After months of silence, in which rumours swirled that the law had been ditched all together, Lauterbach finally put forward a detailed response to the EU’s concerns last April.
In order to prevent the whole reform being challenged in the courts, he decided to split the controversial aspect off into a separate piece of legislation.
The less controversial part, Pillar 1, is what was voted through the Bundestag on Friday. While hailed as legalisation, it only allows people to grow a maximum of three plants at home or become members of cannabis clubs where they can receive a ration of 50 grams a month.
For those who have championed legalisation, the law is a major disappointment.
The Association of Cannabis Clubs has pointed out that casual smokers are unlikely to make the effort of joining a cannabis club, meaning that they will still head to a street corner supplier. Meanwhile, heavy smokers may find that the ration of 50 grams doesn’t get them through the month.
The reform might even help small-time dealers by making it harder for the police to confiscate small quantities that they are carrying around.
The Association of German Police Detectives, who came out in support of legal weed back in 2018, said that the reform will make their lives harder as it will be impossible for officers to “distinguish between legally grown cannabis and illegal cannabis.”
Industry lobbyists have stressed that the government now needs to push ahead with plans for commercial sales.
“The federal government should now immediately start work on Pillar 2… this is absolutely essential in order to achieve a real reduction in the black market in the medium term,” said Dirk Heitepriem of the Cannabis Industry Association.
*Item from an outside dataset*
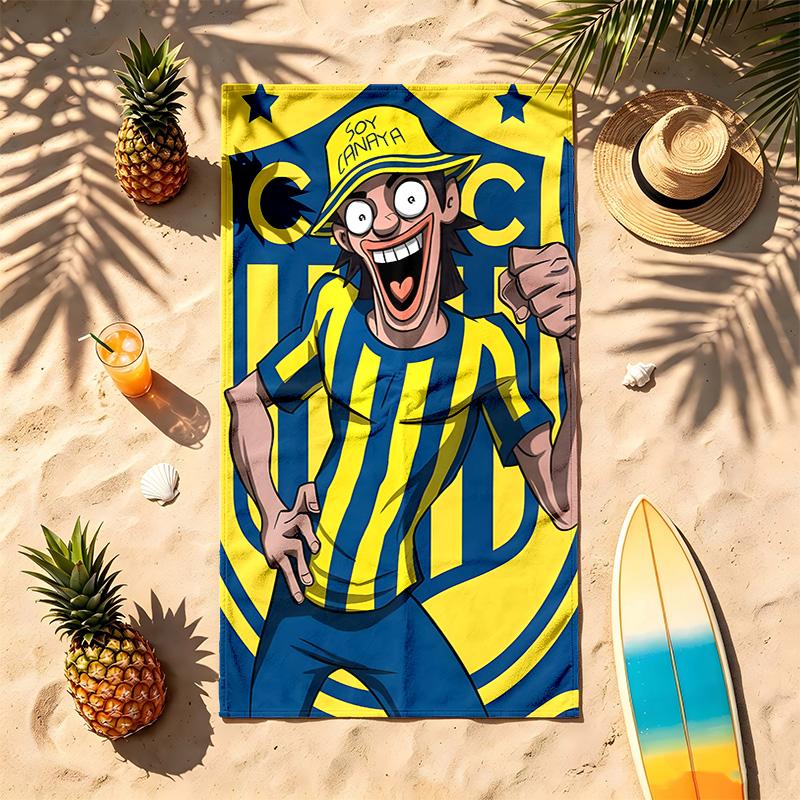 Club Atletico Rosario Central (1) Theme Beach Towel Sand Resistant Soft And Comfortable Suitable For The Pool Camping Yoga And Diving A Travel Essenti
But Pillar 2 of Lauterbach’s law is the tricky part.
It is still unclear when it will be put to a vote in parliament. If it does go through, it will entail years of trials before any national law could come into effect.
Initially, full legalisation will be trialed over a five-year period in a few test regions where cannabis will be grown and sold under the watchful eye of a group of social scientists. Their studies will look at what effect commercial sale has on young people’s mental health and on the black market.
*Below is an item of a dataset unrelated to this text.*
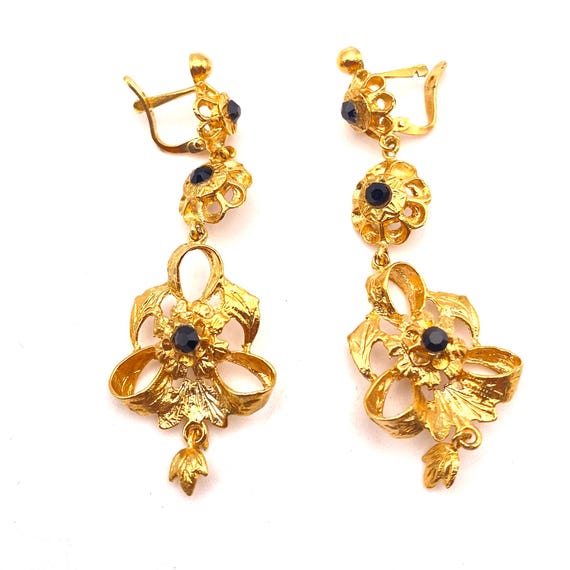 Boucles D'oreilles Dormeuses Vintage En Vermeil (plaqué Or Sur Argent) Avec Jais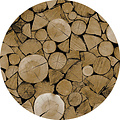 Tafelzeil rond hout bruin - 160 cm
Even if those studies are positive, that doesn’t automatically mean that cannabis sales will be made legal nationwide.
Before that happens Germany will need to push for a change to EU law. A future (probably conservative) government will have to have the will to persuade the EU’s other Schengen members to agree to a treaty change.
In other words, the prospect of Pillar 2 ever becoming law seems more daunting than the idea of getting up to go to the fridge after smoking one joint too many.
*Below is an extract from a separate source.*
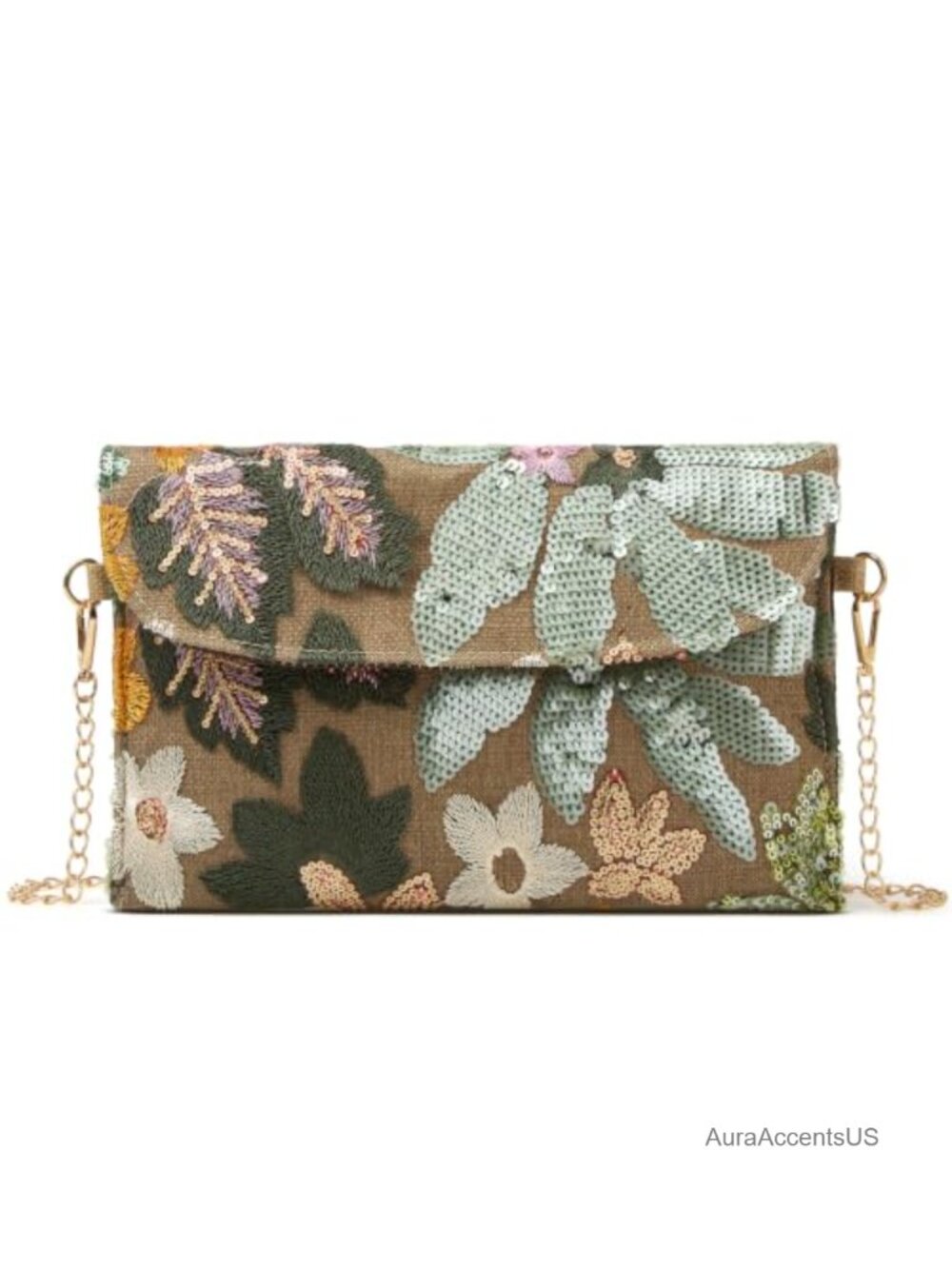 Floral Embroidered Sequin Beaded Clutch Evening Bag with Chain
“I can’t guarantee that things will progress further than Pillar 1 of the reform,” was Lauterbach’s sober assessment last week.
The opposition CDU, who are well ahead in polling, have said they will retract the law as one of their first acts in power.
With little in their locker other than the debunked claim that legalisation increases use, the CDU presumably want Germany to go the way of Sweden, the only EU country that has stuck to a highly restrictive drug policy.
That is the same Sweden where criminal gangs are fighting bloody turf wars on the streets of Stockholm and Malmö… the same Sweden that doesn’t just have the highest level of gun deaths in the EU, but also the highest levels of drug-related deaths.
We could go that way.
Or we could learn a lesson that has been obvious for a century. Prohibition doesn’t work.